Tairāwhiti Citizens’ Assembly

CALLS TO ACTION

Managing
a fair land use
transition

Ko wai mātou

 | About us

We are a collective of people from Te Tairāwhiti, people of this whenua, brought together under the kaupapa of the Citizens’ Assembly. This assembly is made up of various members of our community, representing its diversity. We each responded to the call to participate in the process of developing CALLS TO ACTION about land use change because we know how important these decisions are for our region. 

Together, we’ve explored the mamae of decisions made from afar, choices that encouraged land uses and practices that have not honoured the shape, spirit, or strength of our whenua. We have seen the toll these decisions take: slips scarring the land, awa choking with debris,and the heavy weight carried by our whānau, especially in the face of a more challenging climate.

Our mahi was to sit with this kōrero and to listen deeply – to science, to mātauranga, to lived experience. From there, we explored what’s possible, what must be protected, and what must change.

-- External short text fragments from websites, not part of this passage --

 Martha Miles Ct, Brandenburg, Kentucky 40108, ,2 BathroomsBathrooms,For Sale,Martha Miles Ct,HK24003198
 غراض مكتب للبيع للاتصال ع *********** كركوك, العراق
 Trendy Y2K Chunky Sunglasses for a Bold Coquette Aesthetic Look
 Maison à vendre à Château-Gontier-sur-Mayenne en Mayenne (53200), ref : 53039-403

The result is a series of CALLS TO ACTION grounded in the following values:
  • Te Mana o Te Tairāwhiti
  • Te Tiriti o Waitangi me ngā Tīkanga
  • Te Whakakanohi i te Hapori
  • Te Mahi Tahi
  • Te Whakawhitiwhiti Kōrero me te Haepapa

We do not come with blame. We come with open hands, clear eyes, and the conviction that while some action is underway, large-scale transformation is now urgent. Our way forward requires coordination, collaboration and acceleration.

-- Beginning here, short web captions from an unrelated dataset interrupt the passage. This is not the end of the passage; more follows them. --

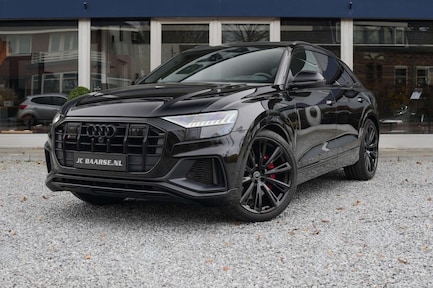 Audi SQ8 0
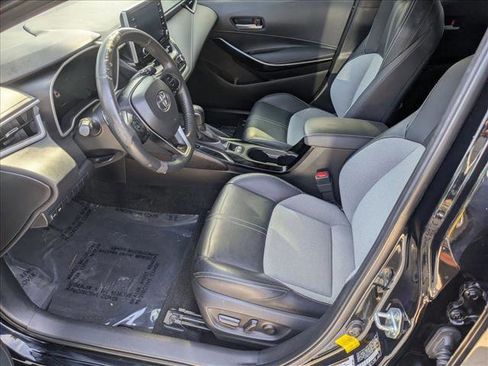 Used 2019 Toyota Corolla XSE image 13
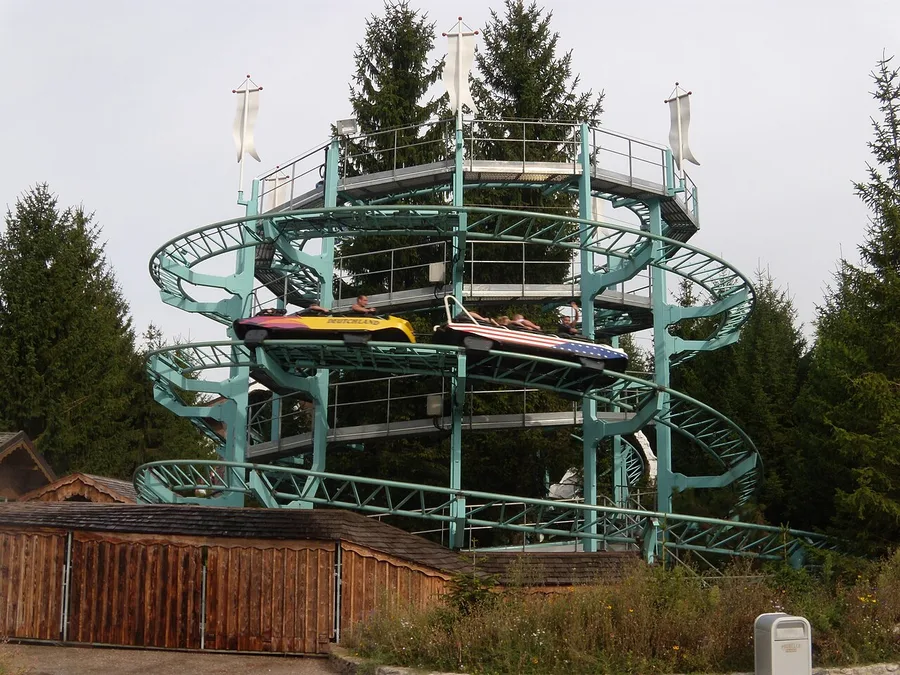 La Course de bobsleigh — Nigloland
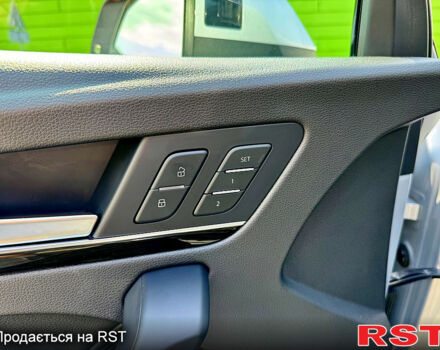 Сірий Ауді Ку 5, об'ємом двигуна 2 л та пробігом 168 тис. км за 26900 $, фото 6 на Automoto.ua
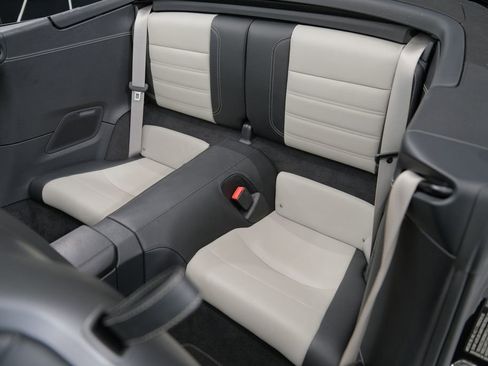 Used 2022 Porsche 911 Turbo image 24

We call for a return to balance. To reweaving our relationship between tangata and whenua in
a way that nourishes all who call Tairāwhiti home for past, present and future generations.

Te Moemoeā 

| Our Vision

Ka ora te whenua, ka ora te tangata.

Together, we imagine a future where our connection to te taiao is healed – where the land is cherished, the people are uplifted, and the mauri of Tairāwhiti flows strong once more.

In this future, our awa run clear, our ngahere stand tall, and our tamariki grow up knowing the names of the places that hold their stories. Communities are confident and connected. Our people thrive not despite the land, but because of our care for it. 

This is a future of abundance, not scarcity. Of manaaki, not fear. Of decisions made close to home by those who understand the rhythm of the seasons, the shape of the hills, and the wisdom of the past. 

We do not seek to return to what was – we seek to build something enduring together. A future where our mokopuna can stand with pride and say: “They looked after us.”

Ngā Pou Whakahaere 

| Guiding Principles

We call for action that is steeped in the values of this place, shaped by the wisdom of its people, and accountable to the generations that follow.

Everyday Rangatiratanga, Everyday
Recognising the uniqueness of our whenua Te Mana o Te Tairāwhiti – its culture, history, and geography – and the right of local communities to shape our own future.

Te Tiriti o Waitangi as a Framework
Te Tiriti provides a foundation for shared responsibility, honouring relationships between tangata whenua, tangata Tiriti, and te taiao. Its tikanga reminds us how to act with integrity and care.

Ka ora te whenua, ka ora te tangata
When the land is well, the people are well. The health of our ecosystems is inseparable from the wellbeing of our whānau and communities.

Ki uta ki tai
From the mountains to the sea, everything is connected. What happens to the whenua in one place affects life downstream. Our approach must be holistic and catchment-minded.

Intergenerational Thinking
Intergenerational thinking gives us the courage to look far beyond the immediate. By planning for our mokopuna and their mokopuna, we lay foundations that honour both whakapapa and whenua.

Local Knowledge and Evidence
We carry the solutions within us. Tairāwhiti is home to generations of knowledge that, when woven together with science, technology and innovation, can lead the way.

Equitable Transition
Acknowledging injustices and imbalances that have shaped our landscapes and communities frees us to work together toward repair, restoration, and reconciliation.

Trust and Accountability
Transparency, public reporting, and a clear understanding of where responsibilities lie are essential for trust.

Wellbeing Focussed
The wellbeing of people and the whenua are inseparable. When the land thrives, so do our whānau, culture, and communities.

CALLS TO ACTION

These CALLS TO ACTION reflect the collective whakaaro of our Citizens’ Assembly. They are rooted in our whenua, shaped by lived experience, grounded in our values and based on the principles that guide us. 

1. LET US LEAD!

We call on central government, Gisborne District Council and our community leaders to deliver a future where decisions about Tairāwhiti are made by the people of Tairāwhiti.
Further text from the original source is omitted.